GEC exhibits face a reader who may not share your discipline, so the editor and referees test whether the human-dimensions point survives translation. These are the recurring objections.

| What a referee flags | Underlying problem | The GEC fix |
|----------------------|--------------------|-------------|
| "I cannot read this exhibit without the text" | Not self-contained | Put sample, unit, scale, and the social variable in the caption; make the point legible standalone |
| "The figure shows a biophysical trend, not the human story" | Foregrounds the wrong half | Plot the social driver, distribution, or governance outcome; relegate the raw biophysical series if needed |
| "The map implies precision the data lack" | Continuous shading on coarse units | Class the scheme, state the spatial unit, and use a colorblind-safe palette |
| "Highlights just restate the title" | Shop-window wasted | Each bullet carries a distinct novel result in plain language |
| "The framework diagram contradicts the text" | Terms drifted | Make every box and arrow use the manuscript's defined concepts |

## Worked micro-example (illustrative — coastal vulnerability map)

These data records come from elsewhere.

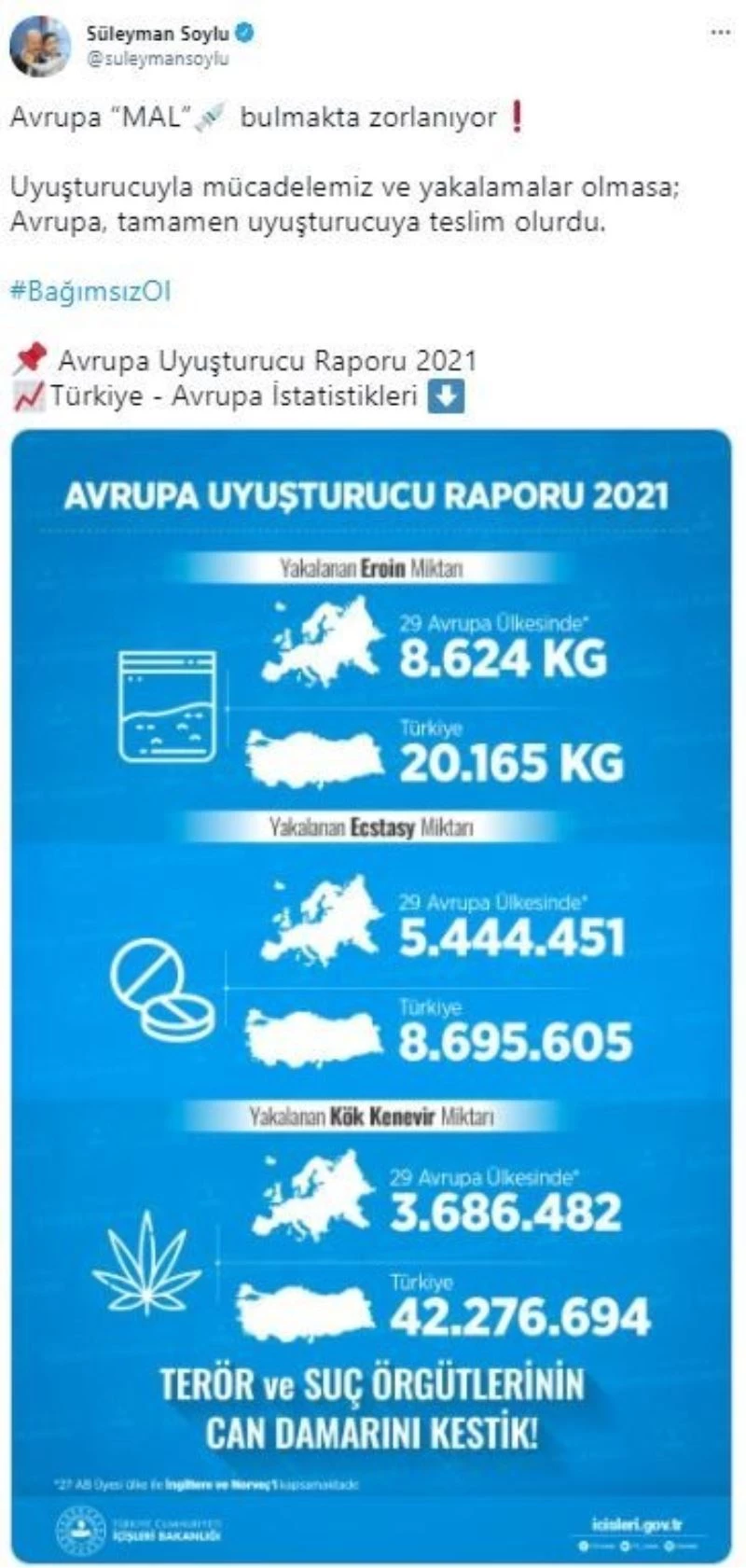Bakan Soylu: “Uyuşturucuyla mücadelemiz ve yakalamalar olmasa Avrupa tamamen uyuşturucuya teslim olurdu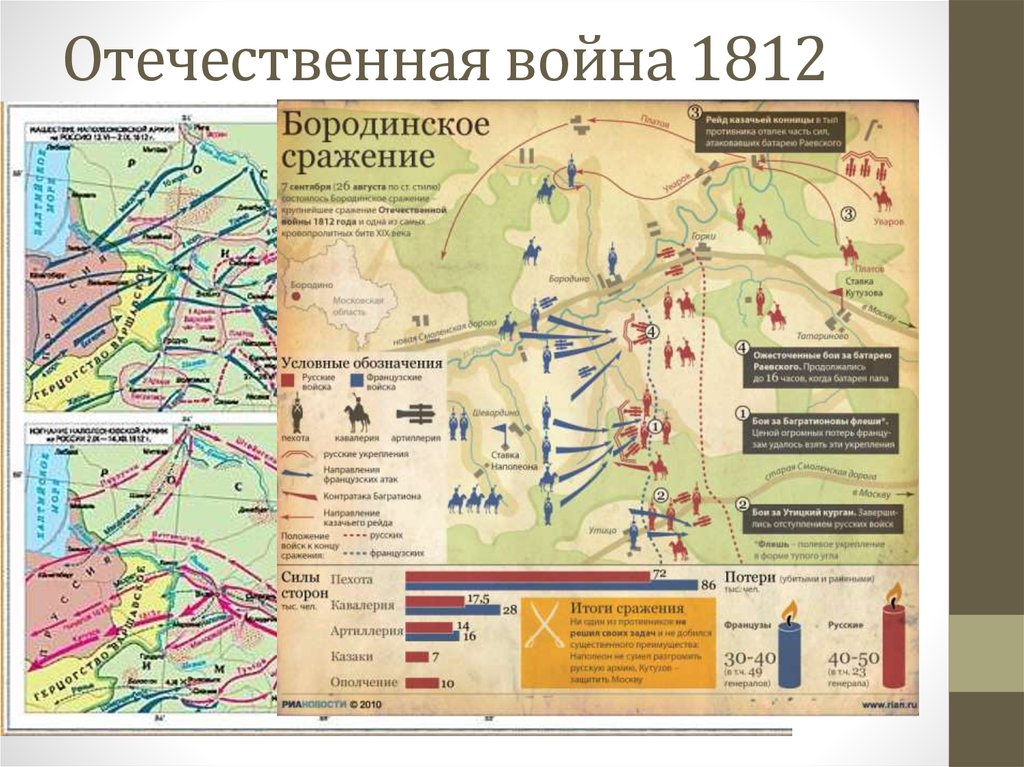 Карта в 1812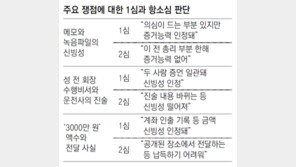 ‘성완종 리스트’ 이완구 前총리 항소심서 무죄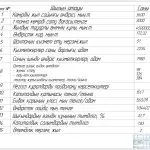 Иллюстрация №6: Gовышение эффективности водоотливной установки в соответствии с условиями шахты Костенко (Дипломные работы - Технологические машины и оборудование).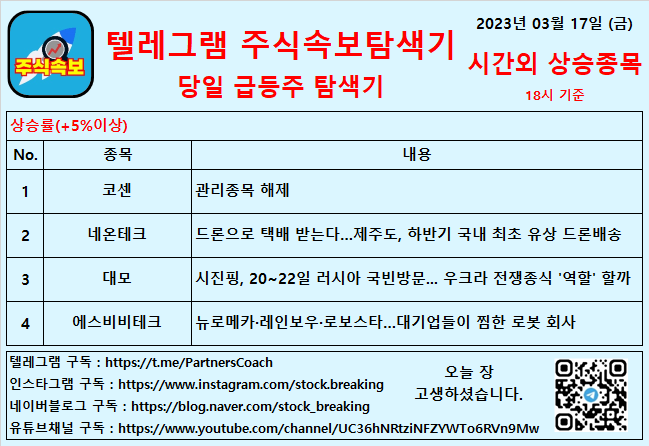  2023년 03월 17일 (금) 시간외상승종목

A coastal-adaptation paper proposes a single choropleth of "vulnerability" across districts.

- **Weak exhibit:** a smooth rainbow gradient over district outlines, no unit stated, vulnerability undefined in the legend, readable only in colour.
- **GEC-strong exhibit:** five classed quantiles on a colorblind-safe sequential ramp, the legend naming the index components (exposure, sensitivity, adaptive capacity), the district as the stated unit, and a caption noting that the top quantile holds 28% of population but 11% of adaptation spending (illustrative). A paired small-multiple shows the same pattern in grayscale.
- **Payoff:** the inequity — the human-dimensions point — is visible from the exhibit and caption alone, and survives print.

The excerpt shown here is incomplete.